The Summit – How to Bridge the Gap Between Tourism and Aviation Policies – will be held on November 5, 2013 and follows the discussions at last May’s UNWTO & ATM Ministerial Forum held in Dubai.
The Summit will facilitate global tourism ministers and industry leaders to resolve all related issues for ensuring a better coordinated view, when formulating and implementing policies for tourism and aviation. It will particularly focus on:
The factors to be considered in bringing air transport and tourism policies closer together
The opportunities and challenges facing air transport development, particularly infrastructure, taxes and levies, visa facilitation and regulation
The success factors and remaining obstacles to better-coordinated policy making
The Summit comes as tourists increasingly prefer aircraft travel; in 2012, more than half of the one billion registered tourists travelled by aircraft. However, governments across the globe continue to outline transport and tourism policies entirely independently of one another, often, policies are formed that are aggressively damaging to one another. Such shortsighted measures are said to act as a major constraint on both sectors with a consequent impact on the economy.
Reed Travel Exhibitions, senior director, World Travel Market, Simon Press, said: ‘By working with the UNWTO to attract so many tourism ministers and travel bosses from around the world, WTM is in a unique position.

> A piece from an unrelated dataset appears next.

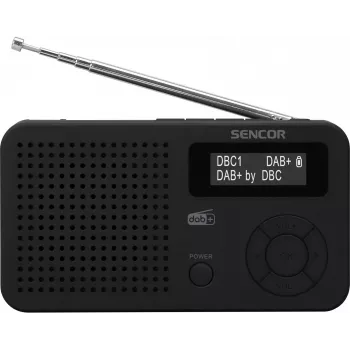 Sencor SRD 7210B DAB+ radio FM/BT/USB - črn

The Summit means the world’s most influential private and public sector decision makers in tourism can meet and have meaningful dialogue over the issues that affect the industry and the potential solutions for them.
‘It is vital that those creating aviation policy work closely with those overseeing tourism to ensure both their countries and our industry are in the strongest possible position to thrive. This will ensure the steady growth we are currently enjoying continues long into the future,’ he added.